No change in oxidation state: $2{\text{O}}{{\text{H}}^ - }\, \to \,2\,{{\text{H}}_{\text{2}}}{\text{O}}$
The oxidation of oxygen in ${{\text{H}}_{\text{2}}}{{\text{O}}_2}$ is as follows:
The oxidation state of hydrogen is $+ 1$ so,
$\left( { + 1\, \times 2} \right)\, + \,\left( {x \times 2} \right)\, = \,0$
$2\,x\, = \, - 2$
$x\, = \, - 1$
So, the oxidation state of oxygen in ${{\text{H}}_{\text{2}}}{{\text{O}}_2}$ is $- 1$ .

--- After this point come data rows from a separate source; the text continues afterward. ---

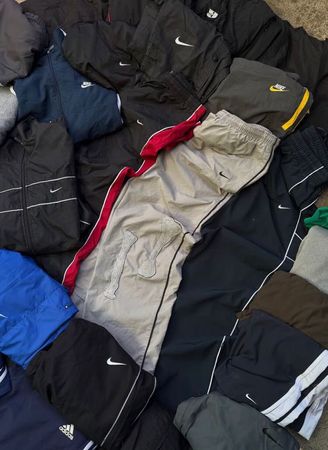 Premium Vintage Nike Trackpants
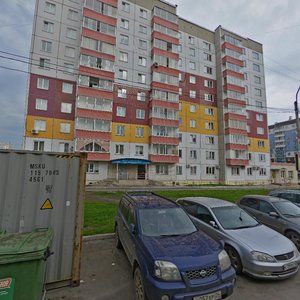 Baturina Street, 19, Krasnoyarsk: photo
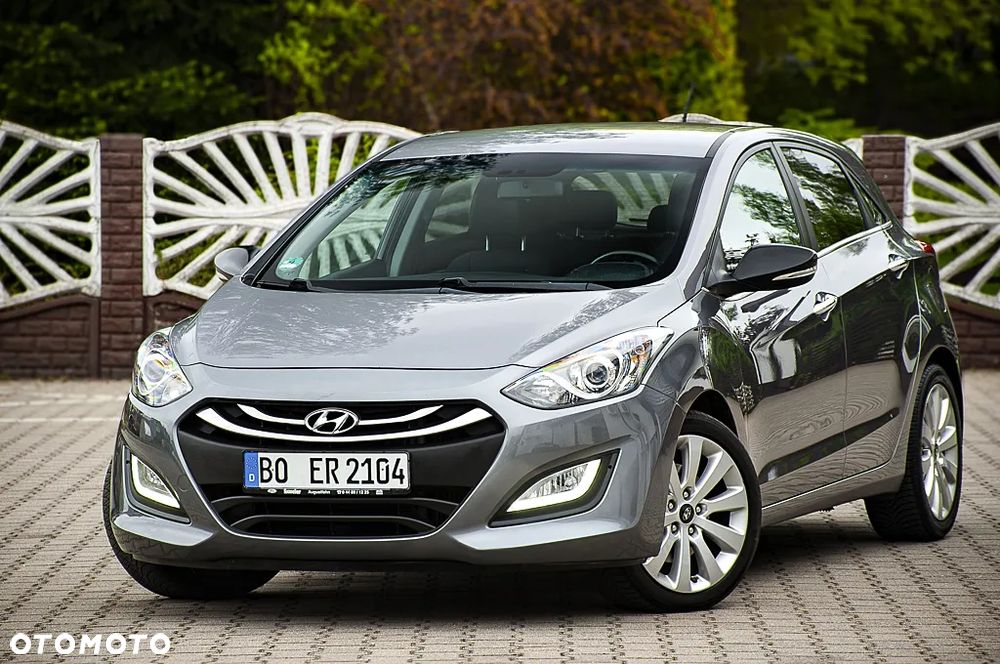 Hyundai i30 1.6 CRDi Premium - 18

The oxidation state of ${{\text{O}}_2}$ zero.
So, the oxidation state of oxygen in changing from $- 1$ to $0$ means it ${{\text{H}}_{\text{2}}}{{\text{O}}_2}$ is getting oxidised means it is the reducing agent or reductant.
Oxidation reaction: ${{\text{H}}_{\text{2}}}{\mathop {\text{O}}\limits^{ - 1} _2}\, \to \,{\mathop {\text{O}}\limits^0 _2}$
So, the oxidation state of oxygen in ${{\text{H}}_{\text{2}}}{{\text{O}}_2}$ is changing from $- 1$ to $0$ and here, two oxygen atoms are present in ${{\text{H}}_{\text{2}}}{{\text{O}}_2}$ so, the total change in oxidation state is of $2$ . So, the valence factor for the ${{\text{H}}_{\text{2}}}{{\text{O}}_2}$ is $2$ . The molecular weight of ${{\text{H}}_{\text{2}}}{{\text{O}}_2}$ is $34$ .

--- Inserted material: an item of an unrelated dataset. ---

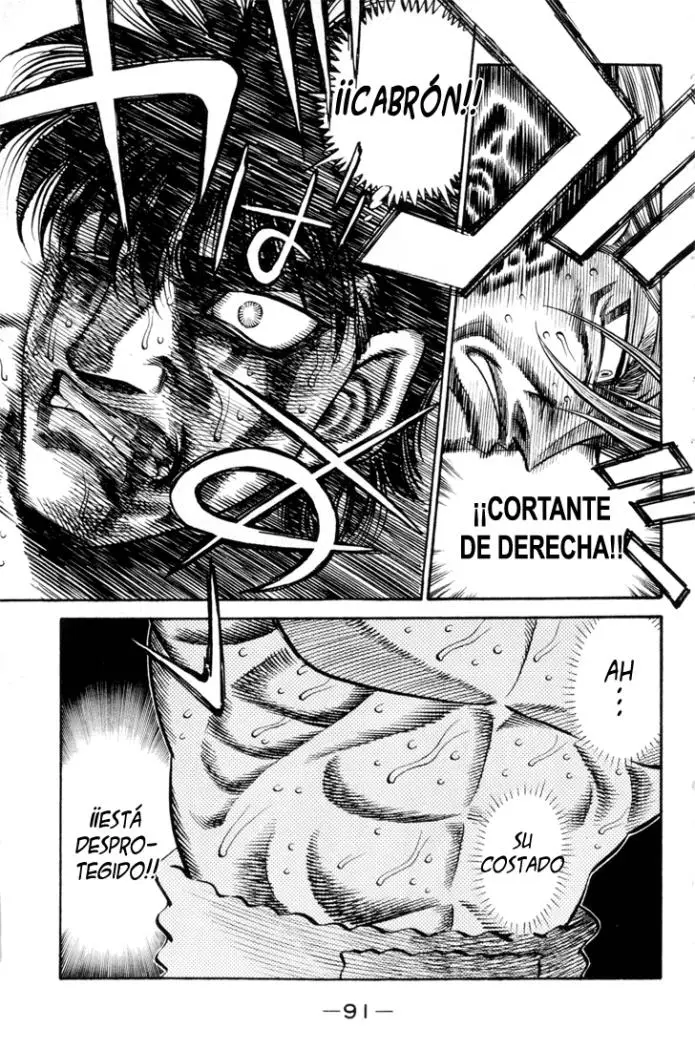 Hajime no Ippo (1989) - Capítulo 411 - Página 15 - LectorTMOo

So, on substituting $2$ for valance factor and ${{\text{H}}_{\text{2}}}{{\text{O}}_2}$ for molecular weight in equivalent weight formula,
${\text{equivalent weight}}\,{\text{ = }}\,\dfrac{{34}}{2}$
${\text{equivalent weight}}\,{\text{ = }}\,17$
So, the equivalent weight of the reductant in the given reaction is $17$ .

Thus, the correct option is (A).

Note: Molecular weight is the product of equivalent weight and balance factor. Molecular weight is determined by adding the atomic mass of each constituting atom. The valence factor is also known as n-factor. The valence factor is the number of electrons gained or lost by a species or the oxidation number or charge of the species In the case of acid, the valance factor is determined as the number of protons donated by the species.